Des plages de sable blanc à perte de vue, des eaux émeraude peuplées de poissons multicolores et une nature abondante et luxuriante : bienvenue à Okinawa, le Japon tropical. Okinawa compte une soixantaine d’îles situées entre la mer de Chine orientale et l’océan Pacifique. C’est l’une des plus petites préfectures du Japon. Mais ce qui lui manque en taille est compensé par son histoire florissante, sa culture locale et son artisanat ancestral. Le royaume de Ryūkyū, qui a duré 450 ans à partir de 1429, est le point culminant de l’incroyable mélange culturel d’Okinawa. Notamment, c’est grâce au commerce effectué avec les autres pays asiatiques que ce royaume s’est distingué. Aujourd’hui, arts, culture et tradition prennent vie sur l’île tropicale. Partez à la découverte de l’artisanat traditionnel d’Okinawa sous les tropiques japonais !

Les plages paradisiaques d'Okinawa

Yachimun : une poterie qui exprime la vie quotidienne d’Okinawa et de ses habitants

Avez-vous déjà entendu parler de l’artisanat traditionnel d’Okinawa appelé « Yachimun » ? Yachimun signifie poterie en dialecte d’Okinawa.

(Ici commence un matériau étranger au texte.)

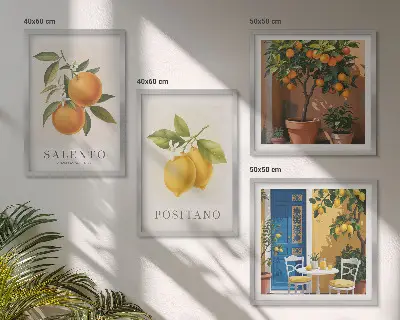 Set van posters met lijst Citroenen en sinaasappels uit Amalfi
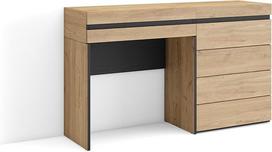 "Skraut Home" tualetinis staliukas su daiktadėže 127 x 75 x 35 cm su stalčiumi Šiuolaikinio stiliaus ąžuolo stalčius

Les habitants de l’île utilisaient cette poterie de manière à raconter leur histoire et leur culture.

poteries typiques d'Okinawa et de ses traditions

L’histoire de Yachimun, née pendant le royaume de Ryūkyū

La première apparition de la poterie Yachimun remonte au XIVe siècle, lors du royaume de Ryūkyū. Un artisan coréen avait été invité au palais afin d’enseigner, à la population locale, la fabrication de tuiles de toit. Ensuite, ce style traditionnel unique a été façonné et perfectionné en prenant diverses influences de la céramique en Chine, en Corée, au Japon et dans d’autres régions asiatiques.

Les caractéristiques et les variétés infinies de la poterie d’Okinawa 

Cette poterie se distingue par sa forme épaisse et simple et sa décoration inspirée de la nature d’Okinawa, comme les poissons et les plantes. Elle se divise en deux catégories : le joyachi qui donne des couleurs plus vives grâce à son vernissage et l’arayachi montrant plutôt la texture de l’argile locale.

La poterie Yachimun prend différentes formes d’objets du quotidien : makai (petits bols de riz), karakara (bouteille de saké avec bec verseur), ke-uchi (vaisselles) et bien d’autres. L’Awamori, boisson spécifique à Okinawa, est stocké dans un vase, appelé shuki. Vous pourriez même utiliser cette poterie lors de votre prochaine cérémonie du thé.

Shisa, les gardiens d’Okinawa

Comment ne pas passer à côté de l’autre symbole populaire d’Okinawa : le shisa, créature légendaire entre le chien et le lion et gardien de l’île. Il y a longtemps, il aurait protégé un village des flammes d’un incendie. Les habitants y ont vu un symbole et l’ont transformé en poterie (catégorie arayachi). Aujourd’hui, une paire de shisa peut être trouvée sur le toit ou le devant d’une maison : un mâle avec une bouche ouverte à droite et une femelle avec une bouche fermée à gauche. Le mâle chasse les mauvais esprits et invite le bonheur par sa bouche ouverte et la femelle garde ce bonheur.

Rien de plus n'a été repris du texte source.